Follow these steps to install IBM Cloud Private on a POWER8 or POWER9 system

Installing ICP

  1. Designate one of three machines as the master and log in to the master node
  2. Download the GA version of ICP-ee image tar package from here and copy it to all nodes
  3. Set up password-less ssh to all nodes and ensure that all nodes have the same time zone:
    • Generate keys by using this command:
      ssh-keygen -t rsa -f /root/.ssh/id_rsa -P ''
    • Run the command:
      ssh-copy-id -i ssh_file_path root@hostname
      In this command, replace the ssh_file_path with the id you want to use to ssh to all other nodes. Also replace hostname with the hostname or IP of each of the systems. Do this for every node in the cluster.
  4. Ensure that all default ports are open, but are not in use. For more information, see the ICP documentation.
  5. Remove /var/lib/mysql directory (if your server has one).
  6. Set the vm.max_map_count on all nodes: echo "vm.max_map_count=262144" | tee -a /etc/sysctl.conf
  7. Install Docker. If the systems have small root directory (less then 200Gb), but another larger directory to store data, you can create a symbolic link using this command: ln -s /data1/docker /var/lib/docker

    For Ubuntu:

    apt-get update
    apt install curl
    curl -sSL https://get.docker.com/ | bash

    For Red Hat Enterprise Linux (RHEL):

    yum update
    yum install docker

    Alternatively, for RHEL, you can use docker rpm files downloaded from here.
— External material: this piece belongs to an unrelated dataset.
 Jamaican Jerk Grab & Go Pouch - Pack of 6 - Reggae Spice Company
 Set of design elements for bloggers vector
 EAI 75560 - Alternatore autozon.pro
For example:

    wget http://ftp.unicamp.br/pub/ppc64el/rhel/7/docker-ppc64el/container-selinux-2.9-4.el7.noarch.rpm http://ftp.unicamp.br/pub/ppc64el/rhel/7/docker-ppc64el/docker-ce-17.09.0.ce-1.el7.centos.ppc64le.rpm
    rpm -ivh container-selinux-2.9-4.el7.noarch.rpm
    rpm -ivh docker-ce-17.09.0.ce-1.el7.centos.ppc64le.rpm

    Alternatively, Docker can be installed with ICP provided installer.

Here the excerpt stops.